Dataset entries
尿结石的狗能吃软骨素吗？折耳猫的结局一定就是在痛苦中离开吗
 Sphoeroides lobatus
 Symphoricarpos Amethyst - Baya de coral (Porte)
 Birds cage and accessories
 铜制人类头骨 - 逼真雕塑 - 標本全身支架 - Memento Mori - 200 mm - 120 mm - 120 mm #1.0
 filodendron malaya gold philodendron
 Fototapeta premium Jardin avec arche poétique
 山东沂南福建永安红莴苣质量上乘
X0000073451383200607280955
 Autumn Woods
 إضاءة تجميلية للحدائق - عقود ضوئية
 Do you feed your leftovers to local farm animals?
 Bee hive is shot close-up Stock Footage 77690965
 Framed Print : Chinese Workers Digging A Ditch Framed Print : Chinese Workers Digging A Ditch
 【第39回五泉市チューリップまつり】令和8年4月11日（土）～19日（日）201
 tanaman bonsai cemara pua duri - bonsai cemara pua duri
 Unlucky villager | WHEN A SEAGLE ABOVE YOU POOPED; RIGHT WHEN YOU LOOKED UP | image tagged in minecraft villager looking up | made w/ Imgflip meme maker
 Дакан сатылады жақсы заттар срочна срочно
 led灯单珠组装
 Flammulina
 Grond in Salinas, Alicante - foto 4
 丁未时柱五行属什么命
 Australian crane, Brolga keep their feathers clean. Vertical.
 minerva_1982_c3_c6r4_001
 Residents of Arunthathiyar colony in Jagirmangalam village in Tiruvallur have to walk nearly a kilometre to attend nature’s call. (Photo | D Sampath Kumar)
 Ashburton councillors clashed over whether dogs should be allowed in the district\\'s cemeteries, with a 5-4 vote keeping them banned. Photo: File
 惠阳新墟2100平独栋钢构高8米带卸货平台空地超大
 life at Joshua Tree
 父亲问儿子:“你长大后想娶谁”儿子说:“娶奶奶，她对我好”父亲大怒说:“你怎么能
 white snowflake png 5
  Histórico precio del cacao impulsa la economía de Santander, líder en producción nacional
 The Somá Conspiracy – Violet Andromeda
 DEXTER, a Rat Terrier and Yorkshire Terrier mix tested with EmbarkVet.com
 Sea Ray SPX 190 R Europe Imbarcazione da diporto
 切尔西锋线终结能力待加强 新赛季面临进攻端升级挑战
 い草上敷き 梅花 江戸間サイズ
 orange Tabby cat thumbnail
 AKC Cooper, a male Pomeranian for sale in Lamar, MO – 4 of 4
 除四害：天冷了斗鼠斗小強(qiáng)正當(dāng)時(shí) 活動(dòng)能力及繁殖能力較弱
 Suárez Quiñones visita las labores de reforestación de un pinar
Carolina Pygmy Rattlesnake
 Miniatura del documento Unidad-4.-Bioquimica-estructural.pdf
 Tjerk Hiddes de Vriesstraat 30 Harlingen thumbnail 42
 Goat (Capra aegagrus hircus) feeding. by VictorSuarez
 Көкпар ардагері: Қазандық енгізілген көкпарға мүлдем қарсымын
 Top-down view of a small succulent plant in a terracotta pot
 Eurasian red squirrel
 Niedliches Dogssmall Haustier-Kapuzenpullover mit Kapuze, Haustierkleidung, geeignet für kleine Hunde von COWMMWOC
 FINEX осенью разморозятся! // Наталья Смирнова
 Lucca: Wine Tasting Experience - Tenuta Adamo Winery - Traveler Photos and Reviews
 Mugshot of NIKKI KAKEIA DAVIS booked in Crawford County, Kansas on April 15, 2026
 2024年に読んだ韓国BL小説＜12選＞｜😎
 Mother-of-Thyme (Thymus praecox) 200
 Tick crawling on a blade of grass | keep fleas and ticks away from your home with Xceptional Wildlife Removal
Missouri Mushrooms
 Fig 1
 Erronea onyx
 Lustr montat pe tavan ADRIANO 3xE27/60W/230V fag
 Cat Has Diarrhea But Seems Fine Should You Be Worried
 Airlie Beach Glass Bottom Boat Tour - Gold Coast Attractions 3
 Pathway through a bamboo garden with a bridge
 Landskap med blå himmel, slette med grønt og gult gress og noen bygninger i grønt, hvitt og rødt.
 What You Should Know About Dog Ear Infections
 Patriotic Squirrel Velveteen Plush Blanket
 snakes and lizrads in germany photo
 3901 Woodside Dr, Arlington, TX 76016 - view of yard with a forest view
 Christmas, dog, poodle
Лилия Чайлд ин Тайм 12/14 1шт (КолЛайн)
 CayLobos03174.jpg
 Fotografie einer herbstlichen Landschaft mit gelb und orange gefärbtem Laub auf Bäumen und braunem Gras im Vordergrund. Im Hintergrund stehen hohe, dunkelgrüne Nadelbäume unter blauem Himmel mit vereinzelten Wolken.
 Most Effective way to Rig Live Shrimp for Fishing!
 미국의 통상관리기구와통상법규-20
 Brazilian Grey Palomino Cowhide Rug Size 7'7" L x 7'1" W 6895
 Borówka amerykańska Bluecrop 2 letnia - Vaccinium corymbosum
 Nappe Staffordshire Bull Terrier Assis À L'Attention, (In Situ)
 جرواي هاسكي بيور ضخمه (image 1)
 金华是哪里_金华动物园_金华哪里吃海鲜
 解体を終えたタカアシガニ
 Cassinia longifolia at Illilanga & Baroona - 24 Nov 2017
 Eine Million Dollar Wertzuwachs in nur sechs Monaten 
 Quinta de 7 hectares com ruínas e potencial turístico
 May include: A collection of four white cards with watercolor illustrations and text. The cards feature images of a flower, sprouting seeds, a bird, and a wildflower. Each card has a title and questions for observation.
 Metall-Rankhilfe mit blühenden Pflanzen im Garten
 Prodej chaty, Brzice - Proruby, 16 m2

*Brief:* List, from the entries above, every line in which the word "white" shows up.

*Solution below:*
 white snowflake png 5
 May include: A collection of four white cards with watercolor illustrations and text. The cards feature images of a flower, sprouting seeds, a bird, and a wildflower. Each card has a title and questions for observation.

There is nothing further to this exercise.